PACS environments generally include the following features:
- Standardization of the manner in which the image data is interchanged between different medical imaging devices, workstations and computers. The Digital Imaging & Communications in Medicine (DICOM) standard is in widespread use.
- Interfacing to a Radiology Information System (RIS) which in turn is interfaced to a Hospital Information System (HIS). The Integrating the Healthcare Enterprise (IHE) initiatives are used to facilitate such data transfers.
- High quality image display devices - see the earlier discussion.
- User-friendly workstations where the display and manipulation of images is clinically intuitive.
- The efficient distribution of images throughout the facility including wards, theatres, clinics etc. and to remote locations.
- Short image transfer times, within a timeframe that supports clinical decision-making. High speed networks with Gbit/s transfer speeds are therefore widely used.
- Archive storage up to a many Tbytes providing retrieval of non-current image files.

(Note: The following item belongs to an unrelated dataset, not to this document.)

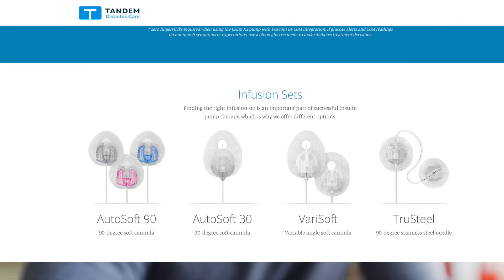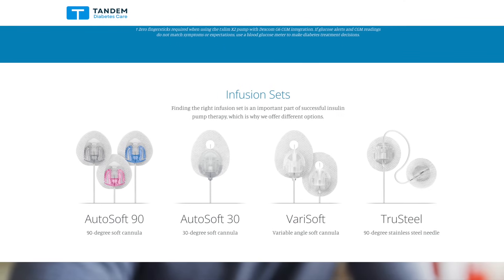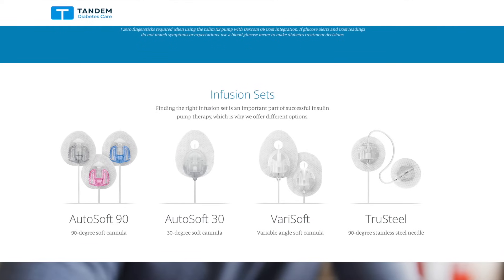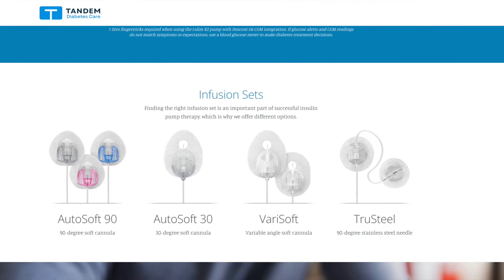Other options include AutoSoft 30 where the soft cannula is inserted at a 30-degree angle, Very Soft which has a variable-angle soft cannula, and True Steel which does not use a soft cannula but an actual needle.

DICOM-standard images contain what is called a header file which contains information regarding the patient, the examination and the image data - a section of one is shown in the following figure as an example. Note that in this case the image data refers to a hand/wrist image which is stored at a resolution of 2,920x2,920 pixels each of size 0.1 mm. In addition, default window display settings are shown. Furthermore, the form of image compression used can be included, i.e. whether lossless, which preserves the fidelity of image data, or lossy which degrades fidelity in the interest of image transfer speeds, for instance. Numerous other parameters can also be included in a header file.
The main advantage of PACS is related to the ease, convenience and accuracy factors which are common to all computerised environments.